R/instancer.R

Defines functions simulate_election

Documented in simulate_election

#' Simulate an Election
#'
#' @description
#' This function simulates an election by creating matrices representing candidate votes `(X)` and voters' demographic group `(W)` across a specified number of ballot-boxes. It either (i) receives as input or (ii) generates a probability matrix `(prob)`, indicating how likely each demographic group is to vote for each candidate.
#'
#' By default, the number of voters per ballot box `(ballot_voters)` is set to a vector of 100 with
#' length `num_ballots`. You can optionally override this by providing a custom vector.
#'
#' Optional parameters are available to control the distribution of votes:
#' \itemize{
#'   \item \strong{`group_proportions`}: A vector of length `num_groups` specifying
#'         the overall proportion of each demographic group. Entries must sum to one and be non-negative.
#'   \item \strong{`prob`}: A user-supplied probability matrix of dimension
#'         (`num_groups` \eqn{\times} `num_candidates`). If provided, this matrix is used directly. Otherwise, voting probabilities for each group are drawn from a Dirichlet distribution.
#' }
#'
#' @param num_ballots
#'   Number of ballot boxes (`b`).
#'
#' @param num_candidates
#'   Number of candidates (`c`).
#'
#' @param num_groups
#'   Number of demographic groups (`g`).
#'
#' @param ballot_voters
#'   A vector of length `num_ballots` representing the number of voters per ballot
#'   box.
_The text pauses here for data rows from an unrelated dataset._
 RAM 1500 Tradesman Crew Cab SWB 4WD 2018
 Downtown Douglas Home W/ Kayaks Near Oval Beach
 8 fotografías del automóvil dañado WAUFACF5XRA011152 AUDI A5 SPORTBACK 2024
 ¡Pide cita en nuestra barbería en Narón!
Defaults to `rep(100, num_ballots)`.
#'
#' @param lambda
#' A numeric value between 0 and 1 that represents the fraction of voters that are randomly assigned to ballot-boxes. The remaining voters are assigned sequentially according to their demographic group.
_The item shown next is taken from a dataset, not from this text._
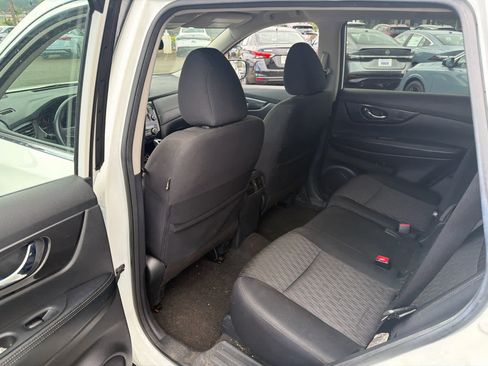 Used 2020 Nissan Rogue SV image 8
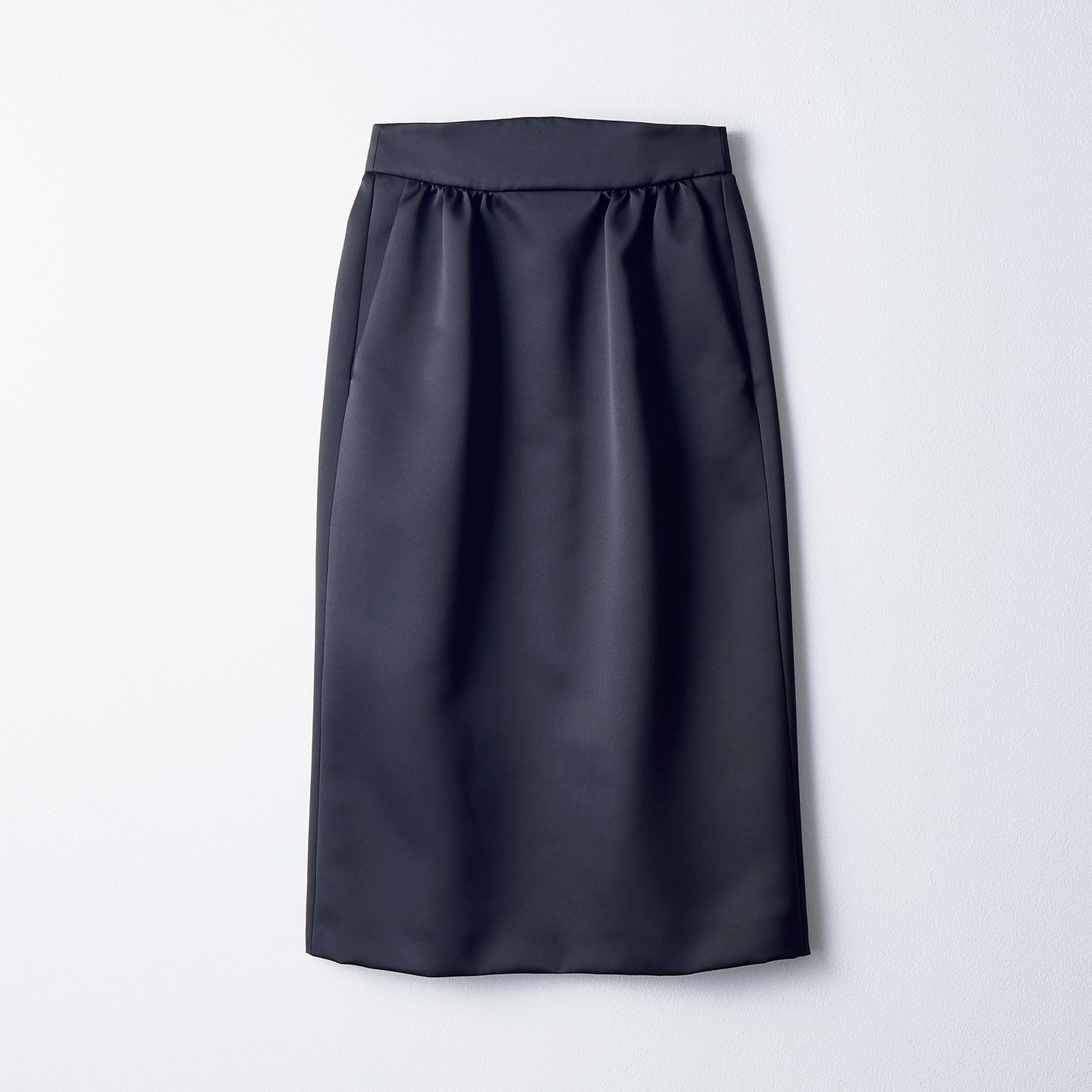 スカート¥138,000(ジョルジオ アルマーニ ジャパン〈ジョルジオ アルマーニ〉)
#'   - `lambda = 0`: The assignment of voters to ballot-boxes is fully sequential in terms of their demographic group. This leads to a **high heterogeneity** of the voters' groups across ballot-boxes.
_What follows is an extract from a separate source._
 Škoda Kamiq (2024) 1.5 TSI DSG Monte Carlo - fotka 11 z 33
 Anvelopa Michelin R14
#'   - `lambda = 1`: The assignment of voters to ballot-boxes is fully random. This leads to a **low heterogeneity** of the voters' group across ballot-boxes.
#'
#'  Default value is set to `0.5`. See **Shuffling Mechanish** for more details.
#'
#' @param seed
#'   If provided, overrides the current global seed. Defaults to `NULL`.
#'
#' @param group_proportions
#'   Optional. A vector of length `num_groups` that indicates the fraction of voters that belong to each group. Default is that all groups are of the same size.
#'
#' @param prob
#'   Optional. A user-supplied probability matrix of dimension `(g x c)`.
#'   If provided, this matrix is used as the underlying voting probability distribution. If not supplied, each row is sampled from a Dirichlet distribution with each parameter set to one.
#'
#' @section Shuffling Mechanism:
#' Without loss of generality, consider an order relation of groups and ballot-boxes. The shuffling step is controlled by the `lambda` parameter and operates as follows:
#'
#' 1. **Initial Assignment**: Voters are assigned to each ballot-box sequentially according to their demographic
#' group. More specifically, the first ballot-boxes receive voters from the first group. Then, the next ballot-boxes receive voters from the second group. This continues until all voters have been assigned. Note that most ballot-boxes will contain voters from a single group (as long as the number of ballot-boxes exceeds the number of groups).
#'
#' 2. **Shuffling**: A fraction `lambda` of voters who have already been assigned is selected at random. Then, the ballot-box assignment of this sample is shuffled. Hence, different `lambda` values are interpreted as follows:
#'
#' 	- `lambda = 0` means no one is shuffled (the initial assignment remains).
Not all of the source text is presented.